Saturday, December 15, 2012

Thoughts on The Hobbit in 48 fps/High Frame Rate

Just got out of an opening night screening of The Hobbit in 48fps, the first ever major film to release in this new frame rate format.

It was a fascinating example to watch from a technical standpoint - just seeing what 48 fps is capable of (and how much clearer 3D is as a result) was pretty neat just technically.

Artistically, though, I'd say the results are at best a mixed bag. There are occasions where it works beautifully (eg the 3D clarity during some fight scenes, rain looks pretty awesome), and there is some hero character work that is particularly stunning that all flows together just fine in 48fps... Gollum's Facial Animation!?!?!?!?!?!?!? OMG!!! Amazing.

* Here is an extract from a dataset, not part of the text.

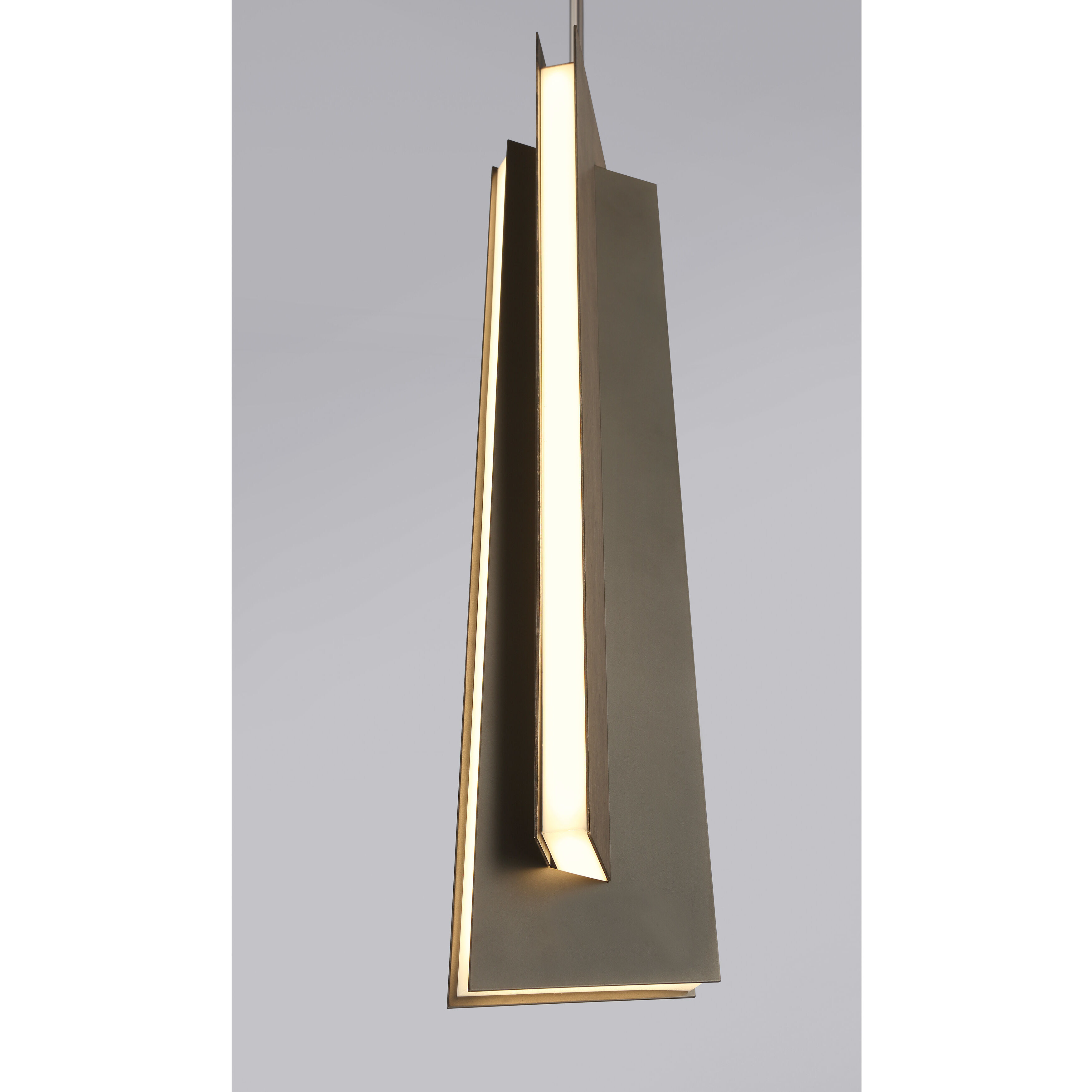 Intersezioni LED 6 inch Midnight Iron and Faux Walnut Mini Pendant Ceiling Light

So while some things worked in 48fps, at the same time the "stunning vistas" are often lost because Matte paintings looks very much like Matte paintings being panned over. It pulls you right out of the movie. The "watching a play" feeling is strange... it's a new vibe and not necessarily bad, and I see this movie as a proof of what can be done and craft that can be honed as the technology progresses. Those speedy pans though are really hard to get used to. You get a great "window in on the scene" action, it's really immersive, and then there is a wide, sweeping or handheld pan that is too fast and has no motion blur and throws you right into the Soap Opera look. The lighting and compositing felt like it was disjointed sometimes, it's hard to put your finger on it. It sortof feels like the 48 fps is so "realistic" that it sometimes pulls you out of the movie experience, which is not great. Other times though, it's much more immersive than 24fps 3D could ever be. The clarity is definitely awesome in those moments. I actually prefer the slow-mo action scenes in 48fps and the dramatic moments... I thought those were generally more effective than the faster pans/cuts.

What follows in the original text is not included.